▶ [Given data]:
★ ★ ★ ★
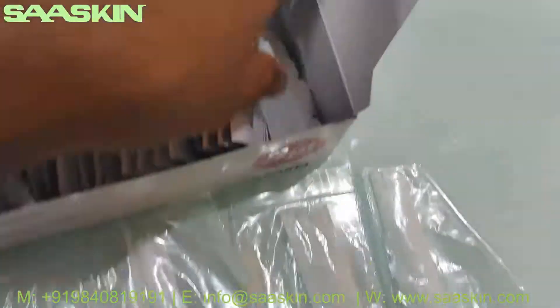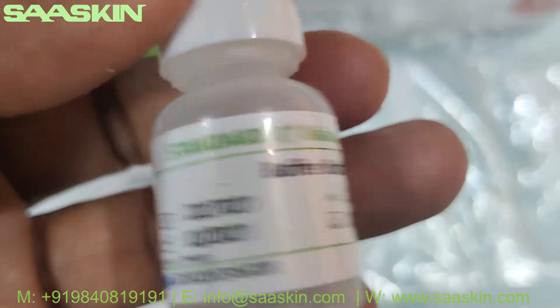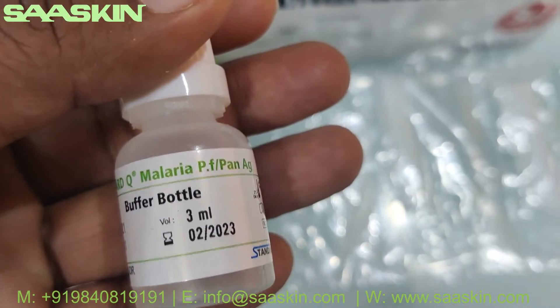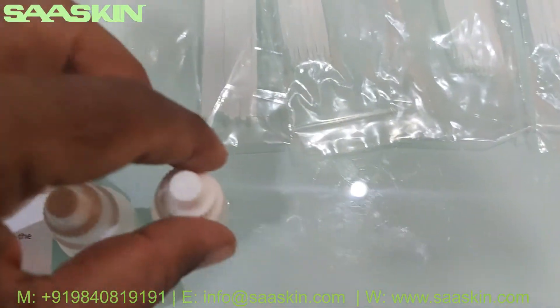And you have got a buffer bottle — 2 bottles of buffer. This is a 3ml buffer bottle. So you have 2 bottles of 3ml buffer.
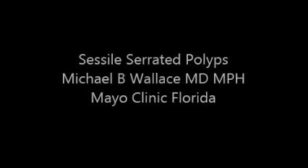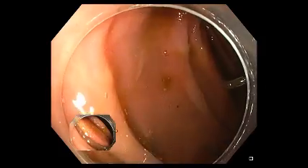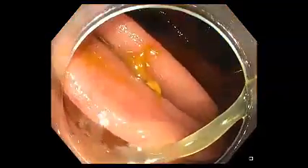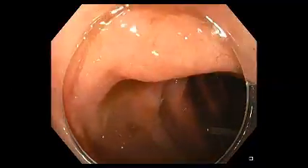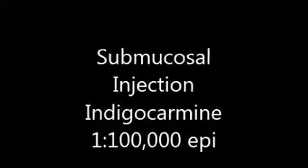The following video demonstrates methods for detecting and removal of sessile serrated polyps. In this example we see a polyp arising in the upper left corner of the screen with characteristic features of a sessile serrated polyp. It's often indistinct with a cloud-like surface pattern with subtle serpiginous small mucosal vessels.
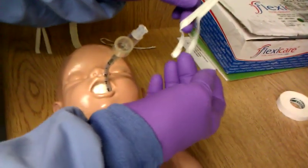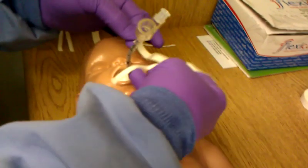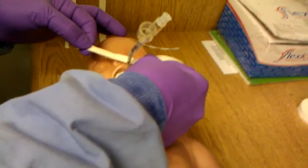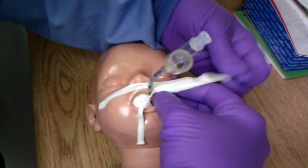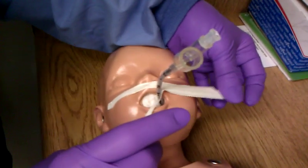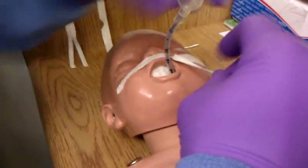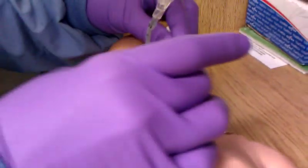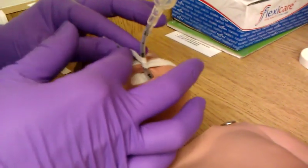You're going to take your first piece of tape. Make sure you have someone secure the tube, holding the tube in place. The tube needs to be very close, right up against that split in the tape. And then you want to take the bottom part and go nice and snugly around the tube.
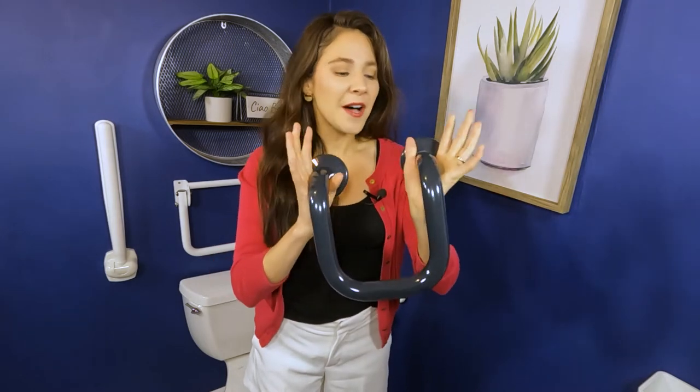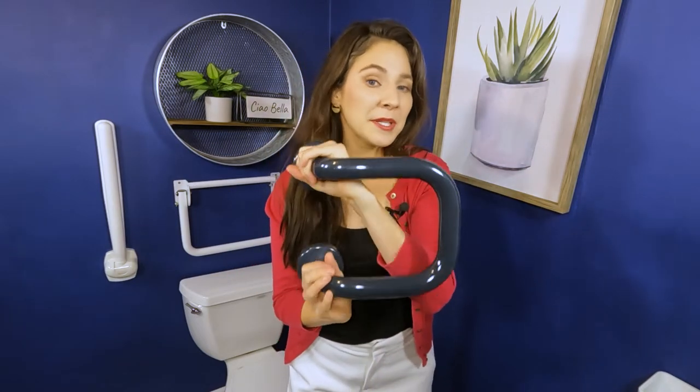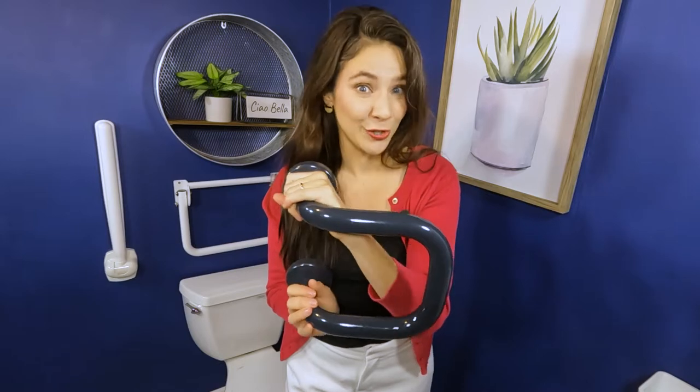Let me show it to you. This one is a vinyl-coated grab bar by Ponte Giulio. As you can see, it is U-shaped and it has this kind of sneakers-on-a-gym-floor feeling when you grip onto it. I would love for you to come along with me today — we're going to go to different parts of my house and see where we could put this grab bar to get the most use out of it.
★ ★ ★ ★
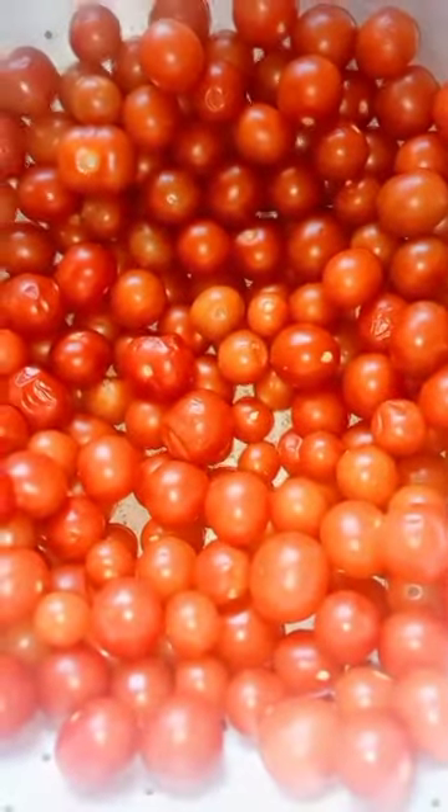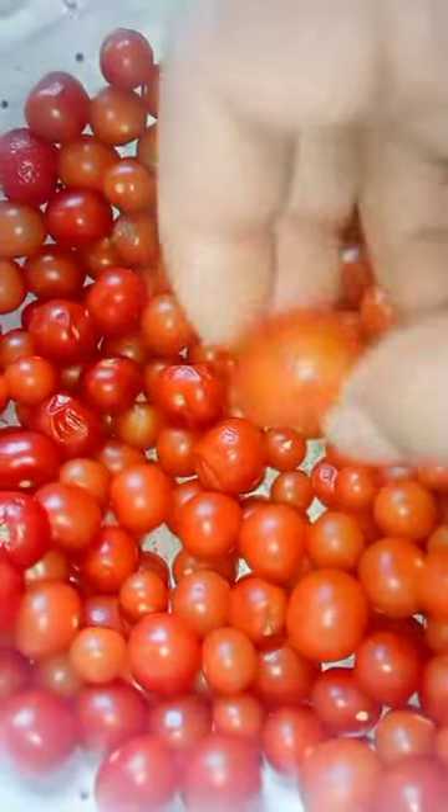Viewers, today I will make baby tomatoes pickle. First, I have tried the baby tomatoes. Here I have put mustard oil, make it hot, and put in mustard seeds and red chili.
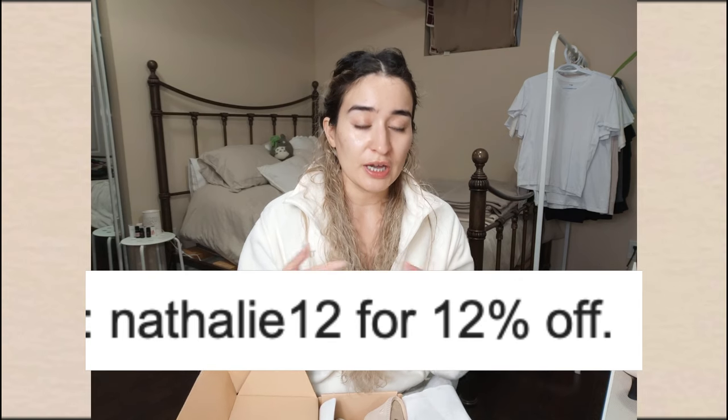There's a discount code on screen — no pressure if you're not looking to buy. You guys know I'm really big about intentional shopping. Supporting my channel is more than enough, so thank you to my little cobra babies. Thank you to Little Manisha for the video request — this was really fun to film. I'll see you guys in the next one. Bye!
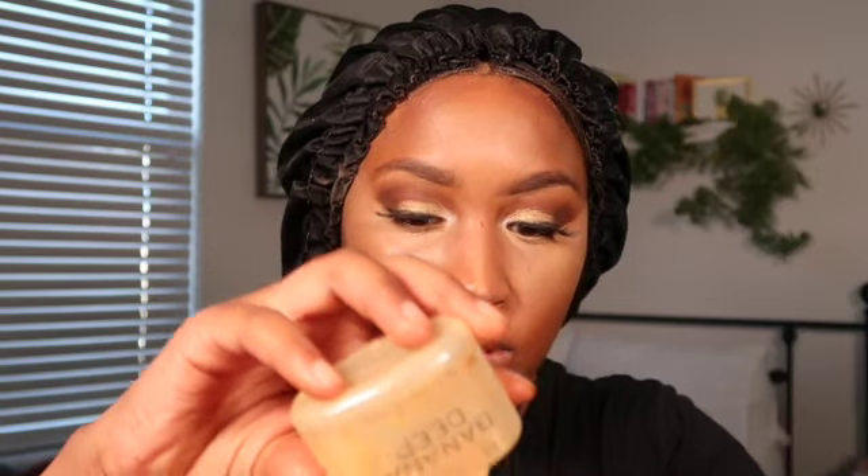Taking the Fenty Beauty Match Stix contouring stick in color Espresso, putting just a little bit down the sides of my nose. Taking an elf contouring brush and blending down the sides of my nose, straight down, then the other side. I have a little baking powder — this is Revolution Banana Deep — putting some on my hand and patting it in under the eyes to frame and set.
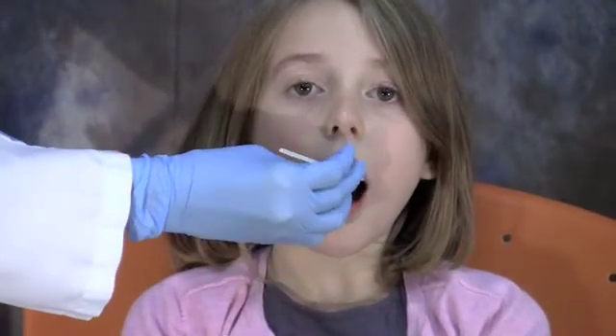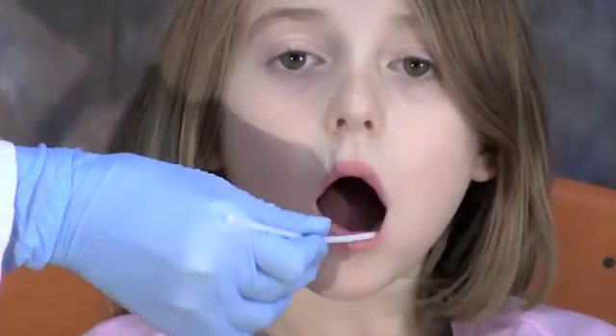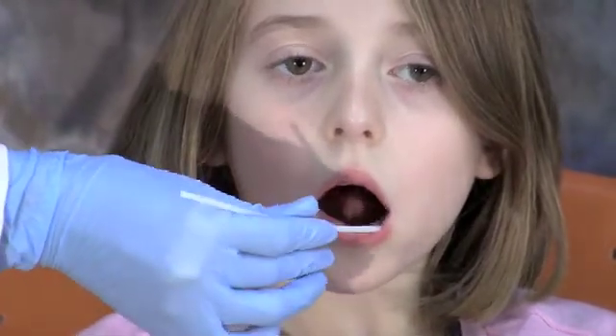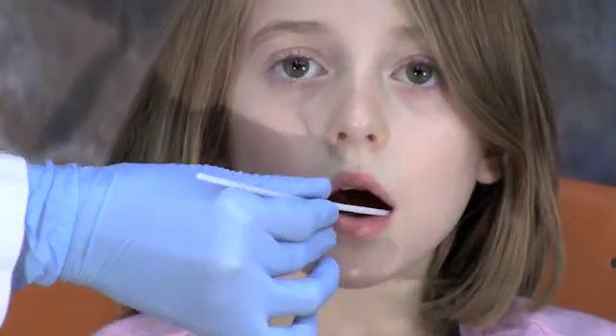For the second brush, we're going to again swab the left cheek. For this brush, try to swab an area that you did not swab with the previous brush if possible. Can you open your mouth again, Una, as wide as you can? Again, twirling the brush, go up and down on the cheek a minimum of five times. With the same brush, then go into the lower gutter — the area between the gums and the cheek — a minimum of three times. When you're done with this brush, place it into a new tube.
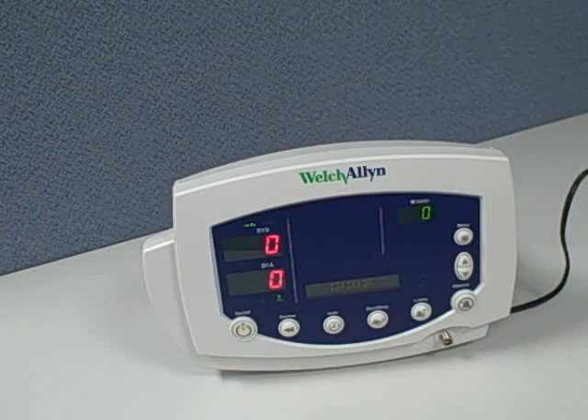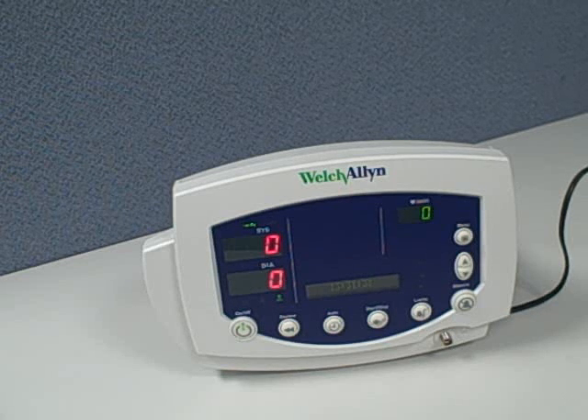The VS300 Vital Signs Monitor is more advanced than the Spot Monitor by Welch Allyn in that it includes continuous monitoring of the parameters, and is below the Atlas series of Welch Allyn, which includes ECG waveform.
★ ★ ★ ★
▶ [Work item]: Write out again exactly the lines above from the one with "You're going to" through the one with "Let me show", adding no other lines and no pictures.

▶ [Worked solution]:
You're going to take your first piece of tape. Make sure you have someone secure the tube, holding the tube in place. The tube needs to be very close, right up against that split in the tape. And then you want to take the bottom part and go nice and snugly around the tube.
Let me show it to you. This one is a vinyl-coated grab bar by Ponte Giulio. As you can see, it is U-shaped and it has this kind of sneakers-on-a-gym-floor feeling when you grip onto it. I would love for you to come along with me today — we're going to go to different parts of my house and see where we could put this grab bar to get the most use out of it.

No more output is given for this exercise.